Source records START

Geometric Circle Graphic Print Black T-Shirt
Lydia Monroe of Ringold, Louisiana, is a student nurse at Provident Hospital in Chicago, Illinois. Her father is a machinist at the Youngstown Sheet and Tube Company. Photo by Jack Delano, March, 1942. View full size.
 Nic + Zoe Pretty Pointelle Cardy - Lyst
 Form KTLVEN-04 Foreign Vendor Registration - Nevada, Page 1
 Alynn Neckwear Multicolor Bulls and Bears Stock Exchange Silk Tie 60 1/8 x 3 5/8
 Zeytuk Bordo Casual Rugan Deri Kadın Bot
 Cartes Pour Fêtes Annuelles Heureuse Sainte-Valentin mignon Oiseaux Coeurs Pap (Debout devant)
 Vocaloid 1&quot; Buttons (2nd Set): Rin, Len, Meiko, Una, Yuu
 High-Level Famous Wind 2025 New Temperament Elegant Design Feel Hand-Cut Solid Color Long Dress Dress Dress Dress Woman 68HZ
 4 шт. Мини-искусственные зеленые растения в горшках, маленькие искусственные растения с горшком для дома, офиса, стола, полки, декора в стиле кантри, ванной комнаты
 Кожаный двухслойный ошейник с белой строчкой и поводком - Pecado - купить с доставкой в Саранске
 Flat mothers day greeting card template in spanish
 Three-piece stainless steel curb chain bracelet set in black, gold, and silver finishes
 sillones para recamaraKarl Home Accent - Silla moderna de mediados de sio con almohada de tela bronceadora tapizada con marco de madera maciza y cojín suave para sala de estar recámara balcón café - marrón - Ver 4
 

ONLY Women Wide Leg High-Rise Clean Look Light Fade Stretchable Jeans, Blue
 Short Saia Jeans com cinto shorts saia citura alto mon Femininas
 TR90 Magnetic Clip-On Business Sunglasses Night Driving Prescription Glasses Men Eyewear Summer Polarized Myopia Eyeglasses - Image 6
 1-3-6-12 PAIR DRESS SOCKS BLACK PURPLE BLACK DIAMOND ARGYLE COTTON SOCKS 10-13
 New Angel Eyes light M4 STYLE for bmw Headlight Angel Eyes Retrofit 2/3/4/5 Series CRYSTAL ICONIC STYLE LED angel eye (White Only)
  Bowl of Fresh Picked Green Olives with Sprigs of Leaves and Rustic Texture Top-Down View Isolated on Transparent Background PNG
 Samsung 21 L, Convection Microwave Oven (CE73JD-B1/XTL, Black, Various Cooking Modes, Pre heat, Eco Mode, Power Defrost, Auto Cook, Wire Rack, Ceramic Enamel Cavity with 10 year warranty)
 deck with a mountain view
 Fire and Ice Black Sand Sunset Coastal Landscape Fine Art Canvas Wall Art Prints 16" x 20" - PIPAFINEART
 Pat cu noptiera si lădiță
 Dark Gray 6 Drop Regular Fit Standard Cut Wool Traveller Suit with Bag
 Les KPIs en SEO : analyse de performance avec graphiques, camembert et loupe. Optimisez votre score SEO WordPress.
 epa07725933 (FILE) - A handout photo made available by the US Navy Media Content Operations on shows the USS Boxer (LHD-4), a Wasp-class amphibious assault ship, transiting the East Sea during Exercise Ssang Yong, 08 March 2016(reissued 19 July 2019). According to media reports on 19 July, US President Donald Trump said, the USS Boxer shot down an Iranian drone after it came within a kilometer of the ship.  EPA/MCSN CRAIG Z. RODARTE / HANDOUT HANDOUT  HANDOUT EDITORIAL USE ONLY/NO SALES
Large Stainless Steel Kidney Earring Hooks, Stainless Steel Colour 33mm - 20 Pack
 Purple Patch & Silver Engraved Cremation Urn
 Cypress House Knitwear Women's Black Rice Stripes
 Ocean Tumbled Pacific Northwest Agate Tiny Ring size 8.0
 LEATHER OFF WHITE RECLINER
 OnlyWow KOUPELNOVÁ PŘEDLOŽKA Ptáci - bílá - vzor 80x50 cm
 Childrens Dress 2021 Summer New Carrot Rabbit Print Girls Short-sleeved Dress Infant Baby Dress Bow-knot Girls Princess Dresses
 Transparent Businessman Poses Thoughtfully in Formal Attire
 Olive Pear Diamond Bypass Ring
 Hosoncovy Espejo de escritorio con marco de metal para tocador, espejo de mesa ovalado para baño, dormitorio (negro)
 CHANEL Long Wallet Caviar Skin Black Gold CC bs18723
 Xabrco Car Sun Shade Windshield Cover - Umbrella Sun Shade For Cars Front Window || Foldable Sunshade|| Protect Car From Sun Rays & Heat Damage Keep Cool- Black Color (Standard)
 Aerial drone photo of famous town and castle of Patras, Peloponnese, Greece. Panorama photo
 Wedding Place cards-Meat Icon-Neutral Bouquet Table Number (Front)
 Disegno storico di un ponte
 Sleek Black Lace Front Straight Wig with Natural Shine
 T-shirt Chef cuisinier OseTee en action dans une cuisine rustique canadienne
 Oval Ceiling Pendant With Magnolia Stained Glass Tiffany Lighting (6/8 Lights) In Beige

Source records END

* Problem to solve
Given the records above, restate word for word only the lines starting at the one with "Nic + Zoe Pretty Pointelle Cardy - Lyst" and ending at the one with "4 шт. Мини-искусственные".

* Answer box
 Nic + Zoe Pretty Pointelle Cardy - Lyst
 Form KTLVEN-04 Foreign Vendor Registration - Nevada, Page 1
 Alynn Neckwear Multicolor Bulls and Bears Stock Exchange Silk Tie 60 1/8 x 3 5/8
 Zeytuk Bordo Casual Rugan Deri Kadın Bot
 Cartes Pour Fêtes Annuelles Heureuse Sainte-Valentin mignon Oiseaux Coeurs Pap (Debout devant)
 Vocaloid 1&quot; Buttons (2nd Set): Rin, Len, Meiko, Una, Yuu
 High-Level Famous Wind 2025 New Temperament Elegant Design Feel Hand-Cut Solid Color Long Dress Dress Dress Dress Woman 68HZ
 4 шт. Мини-искусственные зеленые растения в горшках, маленькие искусственные растения с горшком для дома, офиса, стола, полки, декора в стиле кантри, ванной комнаты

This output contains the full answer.